▶ **Assignment**:
Restate, word for word, each entry that follows, but skip its pictures.

(Saved entries)
>>>>
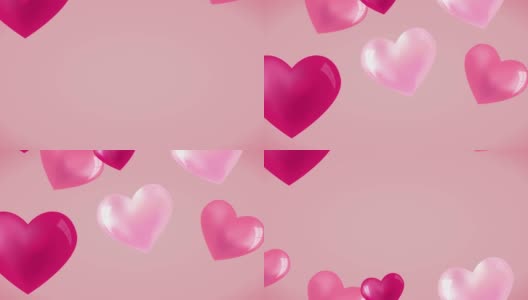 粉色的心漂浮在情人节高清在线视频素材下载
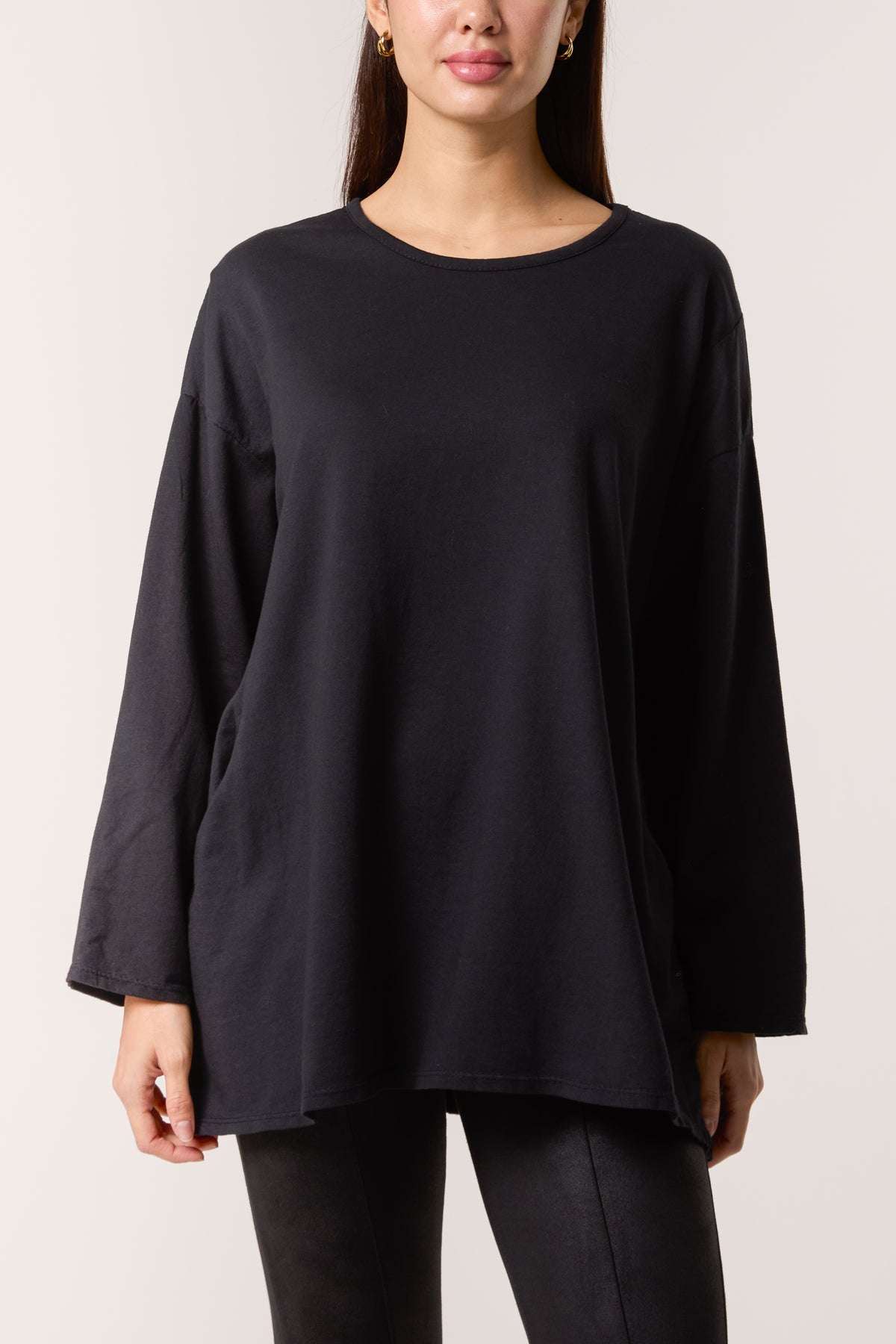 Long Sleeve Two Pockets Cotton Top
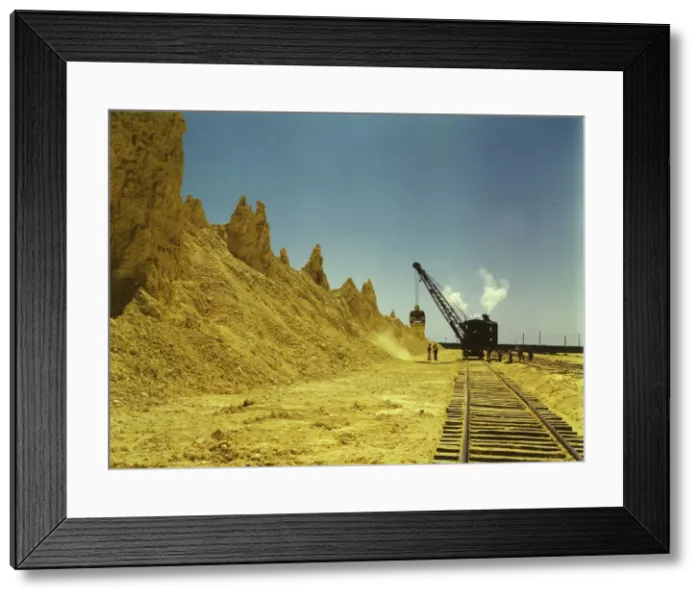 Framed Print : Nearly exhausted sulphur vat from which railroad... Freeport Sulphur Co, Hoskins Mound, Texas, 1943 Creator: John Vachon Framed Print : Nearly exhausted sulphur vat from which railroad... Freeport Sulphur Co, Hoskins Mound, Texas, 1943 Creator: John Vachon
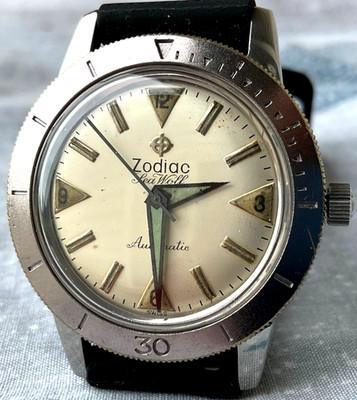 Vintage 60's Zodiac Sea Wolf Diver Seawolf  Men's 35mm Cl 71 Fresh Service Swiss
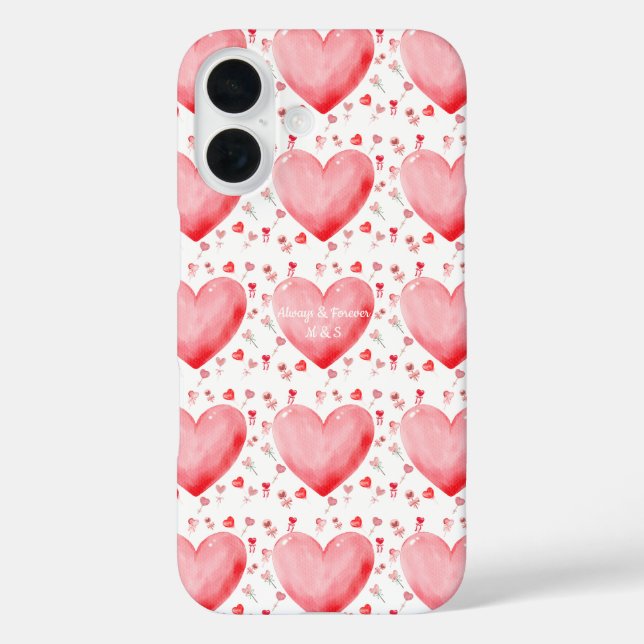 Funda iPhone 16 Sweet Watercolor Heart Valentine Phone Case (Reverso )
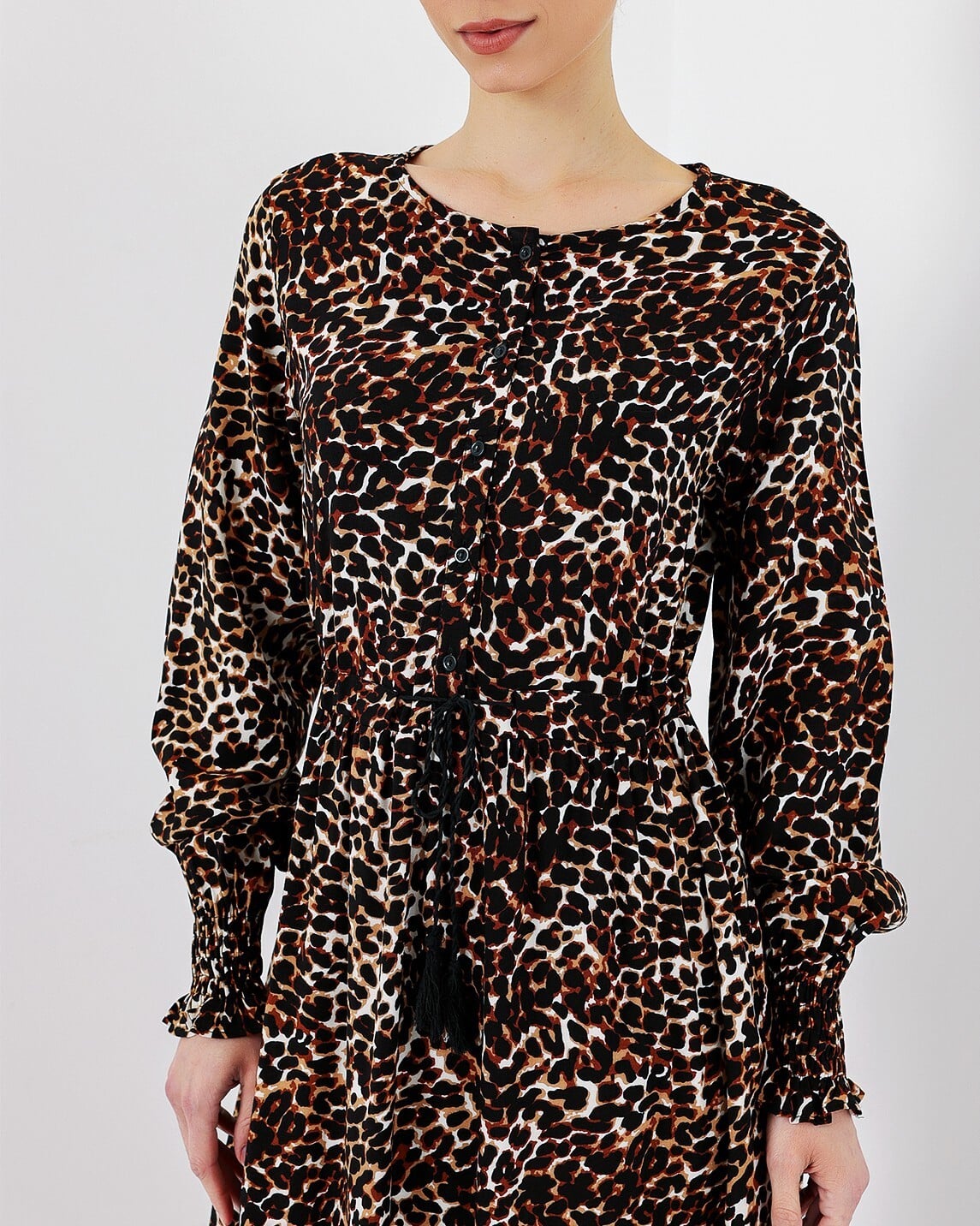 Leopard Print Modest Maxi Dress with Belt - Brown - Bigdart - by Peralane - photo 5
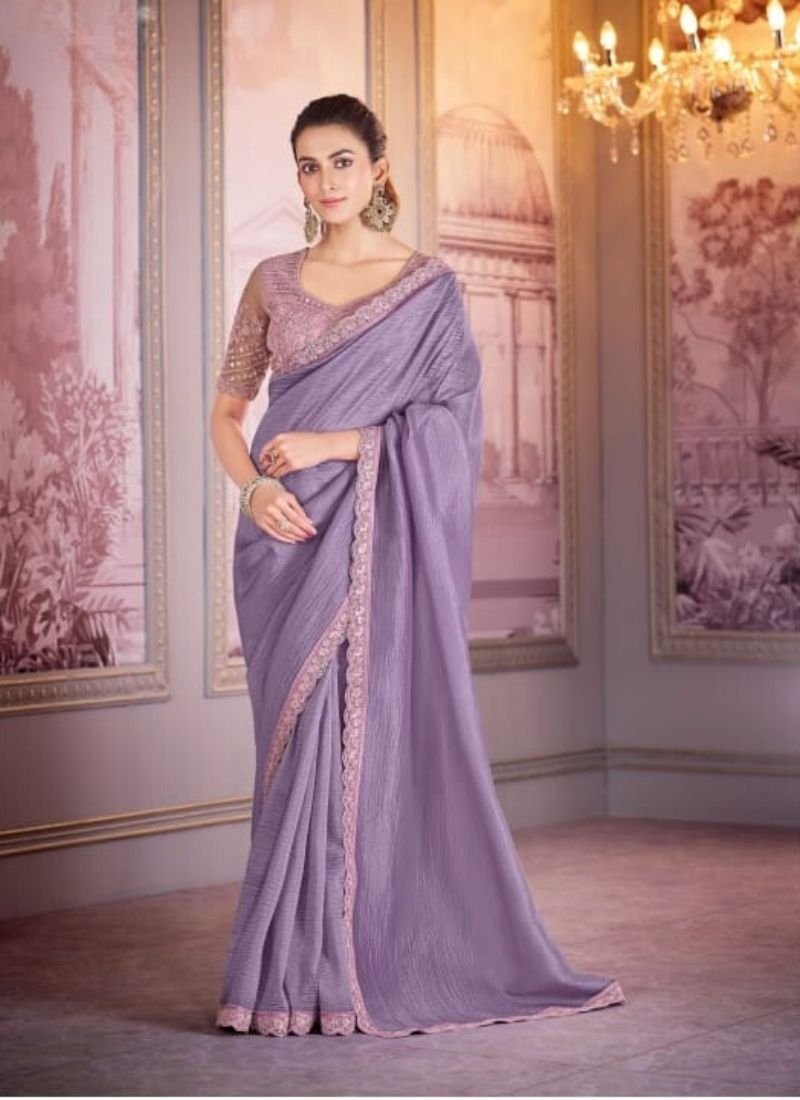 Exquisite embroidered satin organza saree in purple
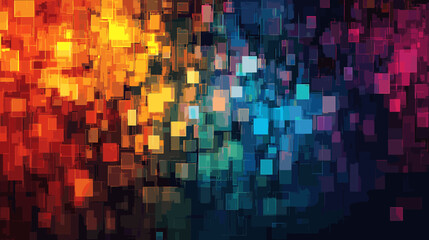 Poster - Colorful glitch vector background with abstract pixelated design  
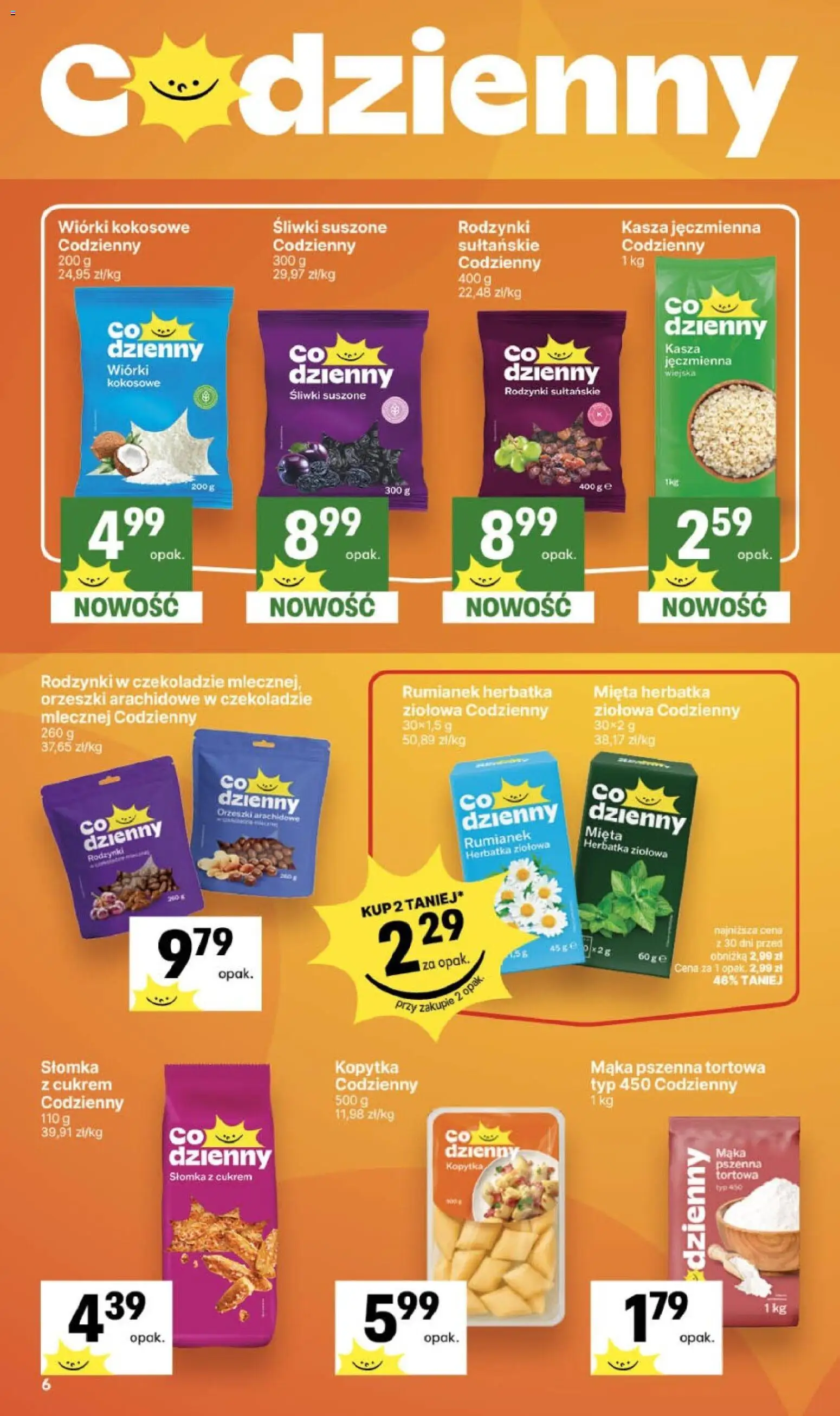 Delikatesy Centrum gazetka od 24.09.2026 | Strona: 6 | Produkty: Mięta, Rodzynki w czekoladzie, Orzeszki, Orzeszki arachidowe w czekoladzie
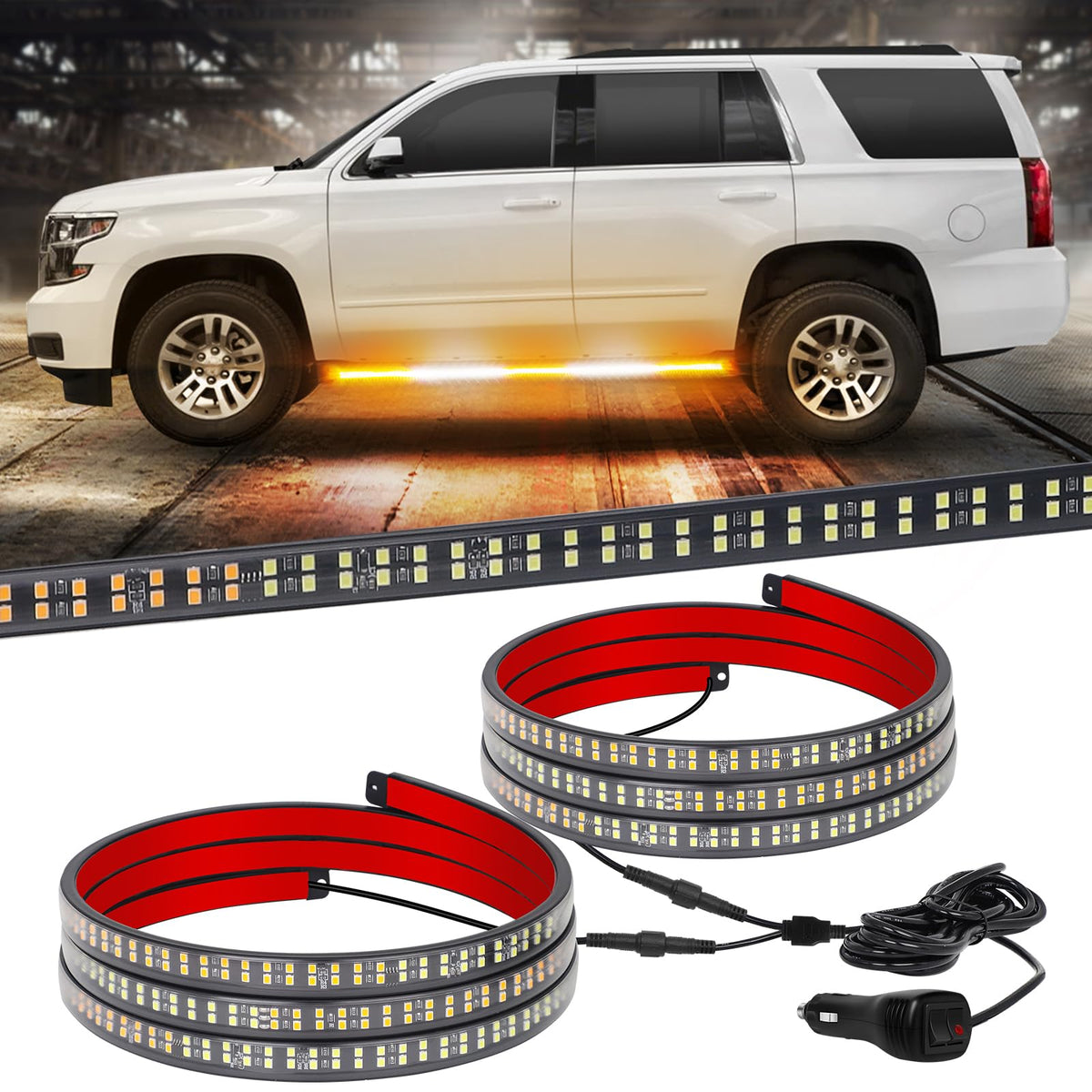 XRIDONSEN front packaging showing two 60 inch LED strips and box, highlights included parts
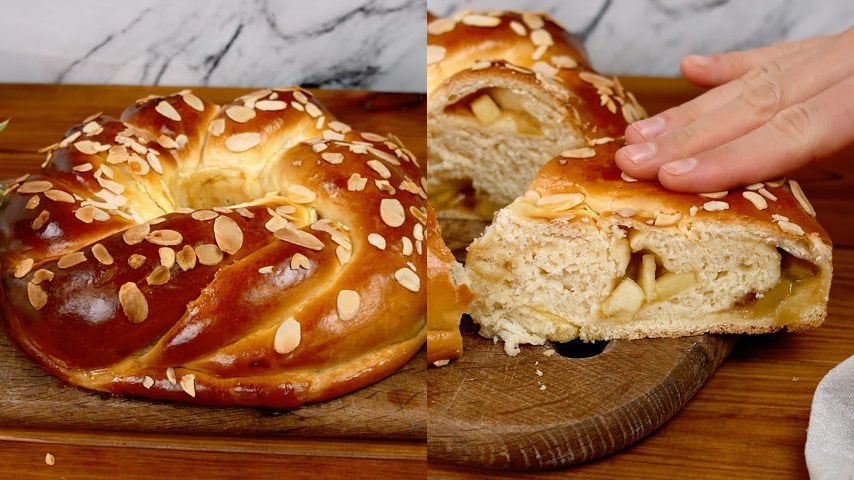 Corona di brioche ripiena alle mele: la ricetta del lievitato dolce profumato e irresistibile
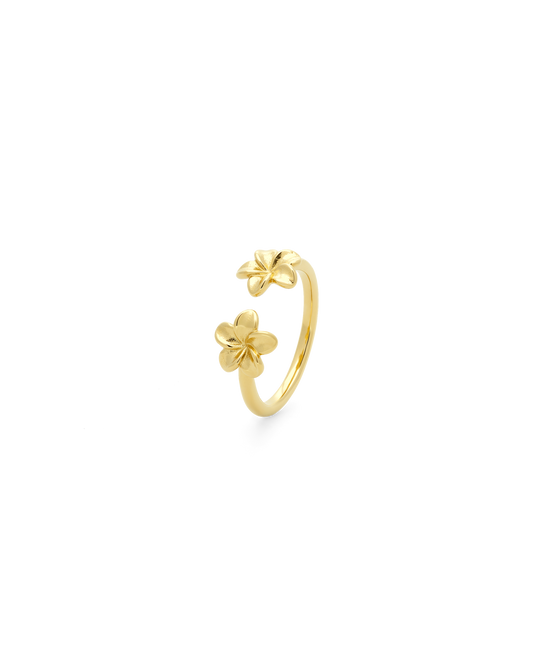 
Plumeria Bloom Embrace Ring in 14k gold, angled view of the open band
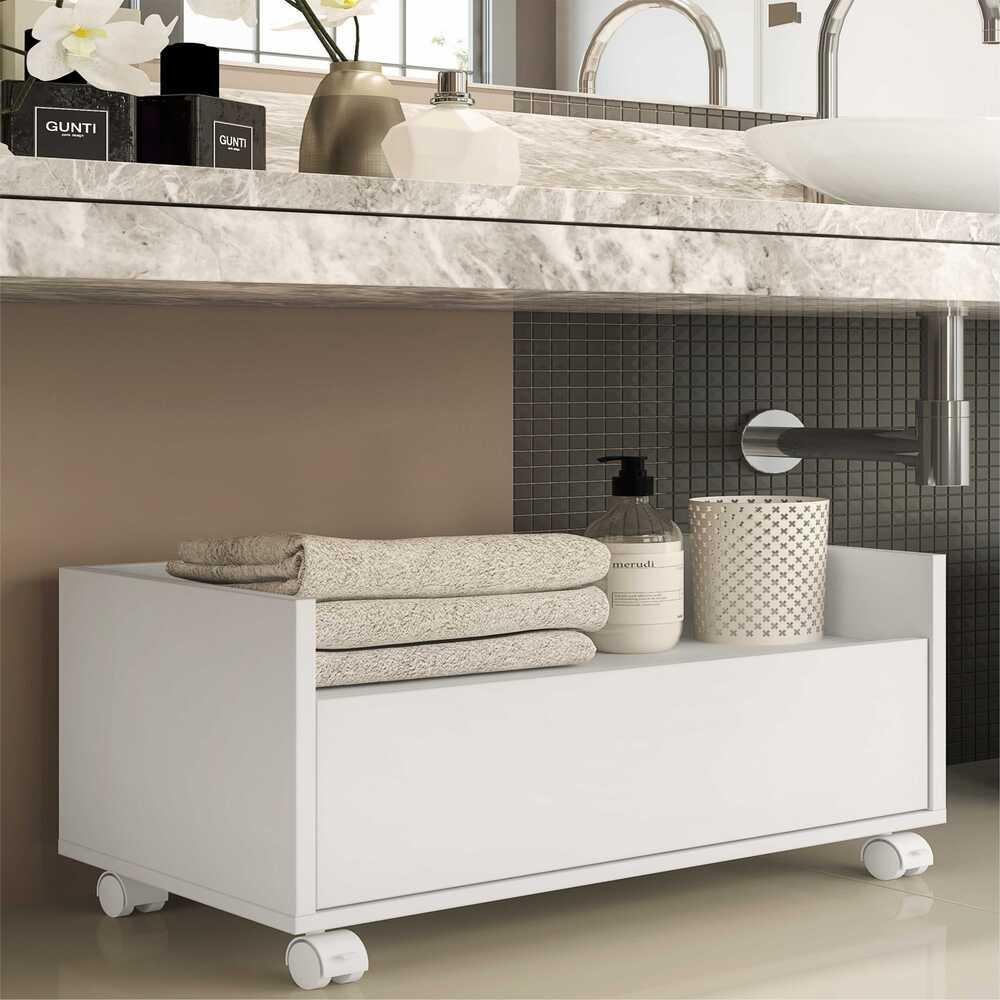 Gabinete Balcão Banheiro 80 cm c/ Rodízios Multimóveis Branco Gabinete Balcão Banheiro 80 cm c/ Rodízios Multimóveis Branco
<<<<
▶ **Output**:
 粉色的心漂浮在情人节高清在线视频素材下载
 Long Sleeve Two Pockets Cotton Top
 Framed Print : Nearly exhausted sulphur vat from which railroad... Freeport Sulphur Co, Hoskins Mound, Texas, 1943 Creator: John Vachon Framed Print : Nearly exhausted sulphur vat from which railroad... Freeport Sulphur Co, Hoskins Mound, Texas, 1943 Creator: John Vachon
 Vintage 60's Zodiac Sea Wolf Diver Seawolf  Men's 35mm Cl 71 Fresh Service Swiss
 Funda iPhone 16 Sweet Watercolor Heart Valentine Phone Case (Reverso )
 Leopard Print Modest Maxi Dress with Belt - Brown - Bigdart - by Peralane - photo 5
 Exquisite embroidered satin organza saree in purple
 Poster - Colorful glitch vector background with abstract pixelated design  
 Delikatesy Centrum gazetka od 24.09.2026 | Strona: 6 | Produkty: Mięta, Rodzynki w czekoladzie, Orzeszki, Orzeszki arachidowe w czekoladzie
 XRIDONSEN front packaging showing two 60 inch LED strips and box, highlights included parts
 Corona di brioche ripiena alle mele: la ricetta del lievitato dolce profumato e irresistibile
Plumeria Bloom Embrace Ring in 14k gold, angled view of the open band
 Gabinete Balcão Banheiro 80 cm c/ Rodízios Multimóveis Branco Gabinete Balcão Banheiro 80 cm c/ Rodízios Multimóveis Branco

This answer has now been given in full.